Millennials Are Change Seekers
People often view millennials’ need for change as ‘disloyalty’. However, they are wired to constantly strive to better themselves and expand their skill set. This includes the desire to actively improve and climb within an organisation. IBM’s Institute for Business Value’s report titled “Myths, Exaggerations and Uncomfortable Truths: The Real Story Behind Millennials in the Workplace”, showed that 20 percent of millennials’ long term goal is to be an expert in their field, five percent more than baby boomers. Most millennials job hop if they feel their organisation no longer provides them with opportunities to grow. By feeling valued for their efforts to expand a business and receiving the promotion they deserve, a millennial is more likely to stay interested. Hence, if you are a working millennial feeling under-challenged, be bold and request to be sent for workshops to further refine skills that will provide your organisation with a competitive edge whilst feeding your desire for professional growth. It’s a win-win for both!

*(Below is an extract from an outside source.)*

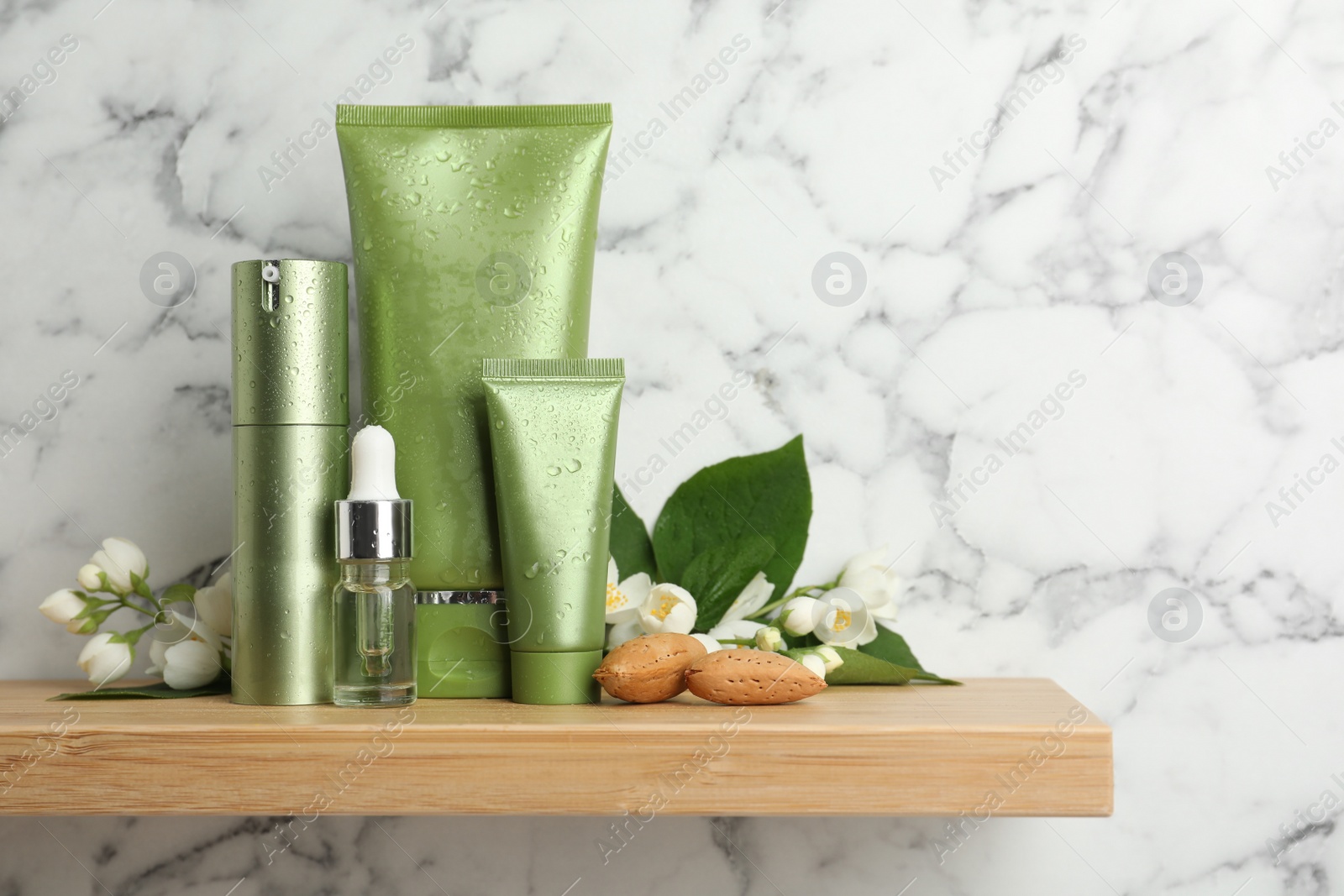 Photo of Set of cosmetic products, almond nuts and flowers on wooden shelf near white marble wall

Millennials Are Self-Starters
Another beauty of millennials is their ability to reinvent a cookie-cutter method of doing things and value-add to an existing method. Why? Because they do not settle for just ‘good’, when there is an opportunity to be great. Most millennials are also competitive and know not to follow the status quo in order to thrive. They are constantly working their creative juices to churn out unconventional ideas. The Essence of Enterprise 2017 re- port revealed that 49 percent of Singaporean millennial entrepreneurs do not come from family businesses and only 8 percent stated that their wealth came from inheritance or family wealth. Compared to international millennials, Singaporean millennials are far more self-reliant. Hence, if you are a working millennial, do not hesitate to share unconventional ideas. You might just come up with the next big idea to get 10 steps ahead of your competitors. In Buro’s article on Singapore’s creative millennials moving overseas, three millennials who are searching for overseas opportunities cited that working overseas is more desirable as it often promises a more creative work environment and experience. One shared in the article that her work experience in Melbourne is “nurturing and challenging”, whereas, in Singapore, she often struggled to voice her opinions. . Another found that there was a lack of creative freedom in Singapore. This is telling of millennials’ desire to be in an environment that allows them to shine creatively, ditching the traditional methods when they become outdated.

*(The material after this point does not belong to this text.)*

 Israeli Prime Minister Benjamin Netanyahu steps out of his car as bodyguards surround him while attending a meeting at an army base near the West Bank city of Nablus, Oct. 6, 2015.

It is no secret that the future working population will be infiltrat- ed by masses of millennials. At the end of the day, millennials or not, should always sit down with your supervisors to discuss your current job satisfaction and how the organisation can meet your goals, that will encourage you to stay in the company and fulfill your needs. Setting one to one conversations with your managers and discussing opportunities to meet your goals that will benefit your organisation. Attend workshops and request for overseas secondments. Employees with a growth mindset should crave and seek experiences to better themselves.
Millennials are not who we presume them to be and have a lot more to bring to the table when given a chance. They have grit, know their goals and will do what it takes to achieve it. If your organisation does not take care of you, someone else will. They can count that you will bloom where you are planted.